Pensemos que o ato de atribuir adjetivos de conotação negativa a outras pessoas, principalmente se estes poderiam ser aplicados igualmente a quem os aplica, demonstra uma atitude que envolve uma visão que se prolonga de si para fora, obscurecendo a visão de si para si. Não podemos ignorar que, assim como a percepção que temos do mundo, ou seja, das coisas externas a nós, é passível de equívocos, o mesmo acontece com a nossa percepção interna (percepção de si). Esta, freqüentemente, mistura-se com imagens que construímos a nosso respeito, sem que estas necessariamente possuam uma contrapartida real.

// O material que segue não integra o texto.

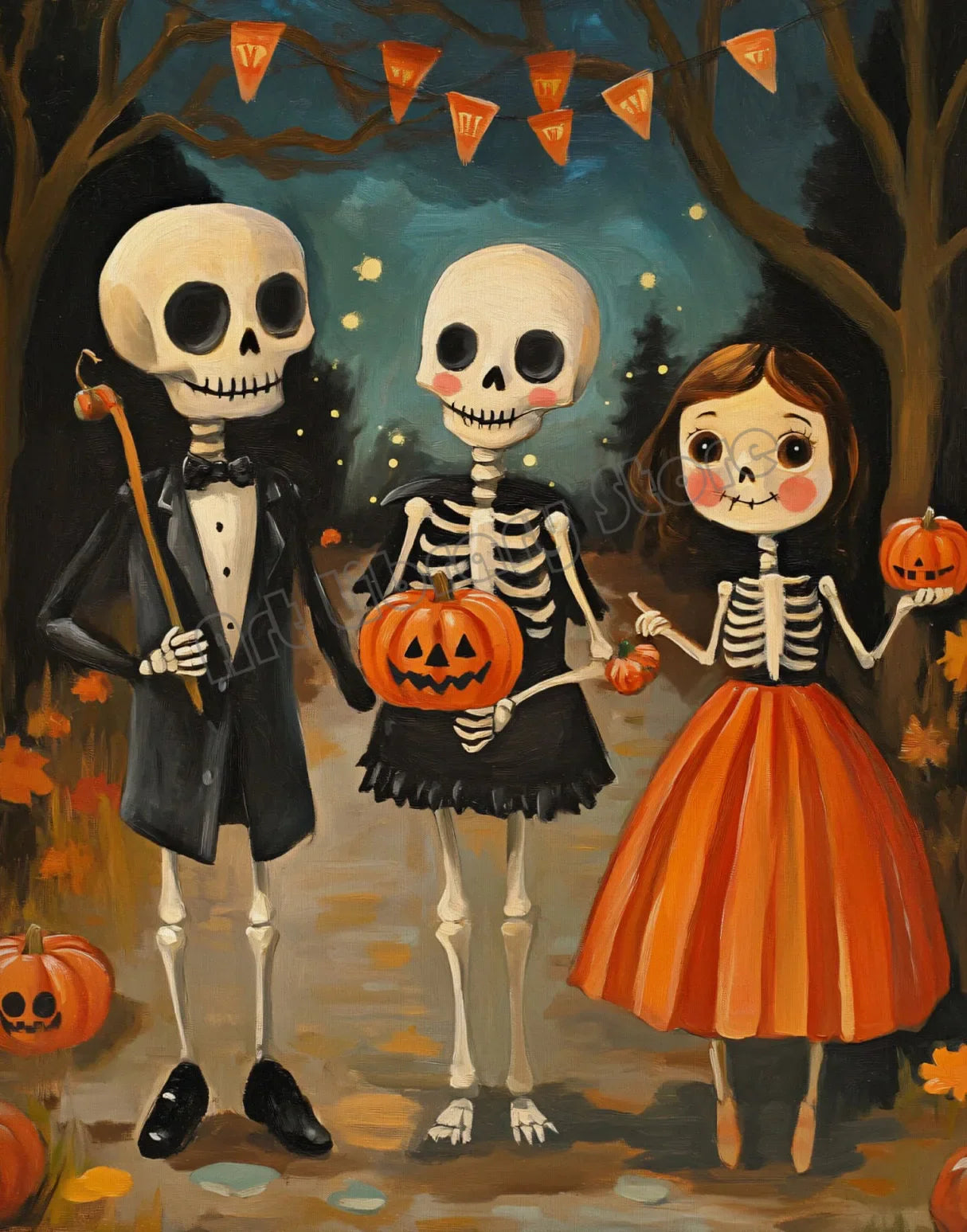 Halloween Poster Collection Featuring Pumpkins, Ghosts, and Cats — Autumn Wall Decor for Your Home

Quando julgamos depreciativamente alguém, trazemos implícita a noção de que estamos em condição de julgar. Questionar a condição de julgar, por si só, é um ato que inibe o julgamento conclusivo. Ao julgarmos outra pessoa, conscientemente ou não, efetuamos um movimento onde, ou simplesmente ignoramos a nós mesmos, excluindo-nos da equação, ou a nossa figura aparece como um referencial situado em posição de valor suficientemente privilegiado para submeter o que a circunda ao seu julgamento. A segunda opção parece ser a mais comum e, possivelmente, aquela presente no discernimento do Sr. Bonner.
O uso pejorativo do termo “Homer” para designar grande parte da população brasileira, como referência a sua eventual incapacidade intelectual generalizada, no meu entendimento, não é tão interessante como indicativo claro do preconceito que lhe acompanha. Creio que aqui se destaca o fato de que quem faz este julgamento pressupõe estar em uma condição privilegiada para julgar a capacidade dos outros.

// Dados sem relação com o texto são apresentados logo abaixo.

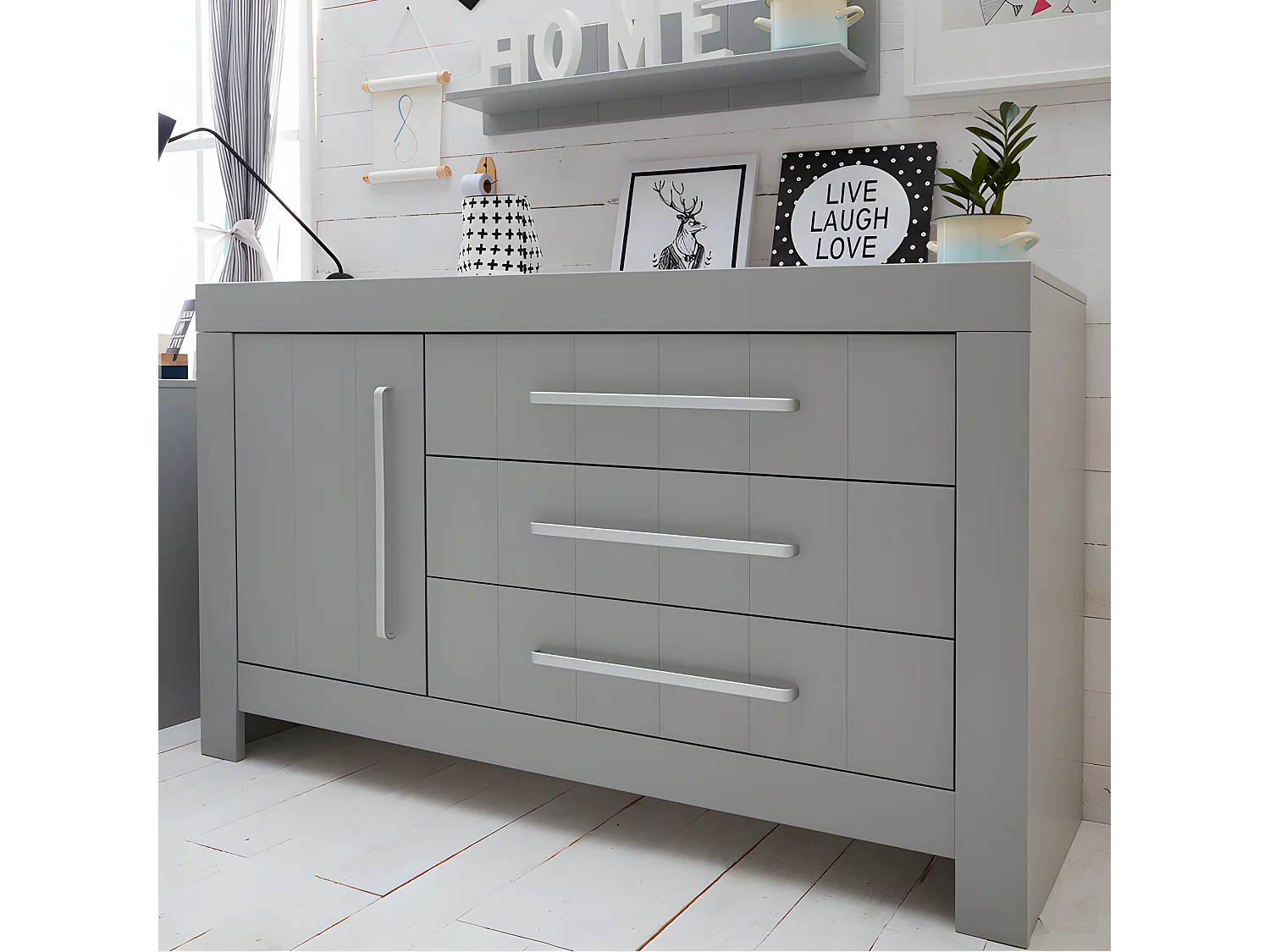 Commode XL Calmo Gris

Se eu fosse tomado pelo mesmo ímpeto arrogante de acreditar-me acima daquilo que designaríamos como inteligência mediana, poderia dizer que o Jornal Nacional é um telejornal de péssima qualidade e que, ao contrário do que se pensa, ele é assim não porque esta baixa qualidade seja intencional e tenha em vista atender à incapacidade intelectual de seus telespectadores, mas porque aqueles que são responsáveis por ele fazem o que sabem fazer, ou seja, um trabalho de péssima qualidade. Entretanto, evito fazer tal comentário, pois proceder desta maneira seria seguir o deplorável exemplo do Sr. Bonner, tão carente de elegância, inteligência e cultura.

Podendo escolher livremente, confesso que me agrada mais fazer parte da legião dos “Homers” ignorantes do que do restrito grupo dos “Bonners” esclarecidos. Pois a aparente ignorância daqueles, nestes é substituída por um aparente esclarecimento e qual a definição mais clara de ignorância que não saber que não sabe.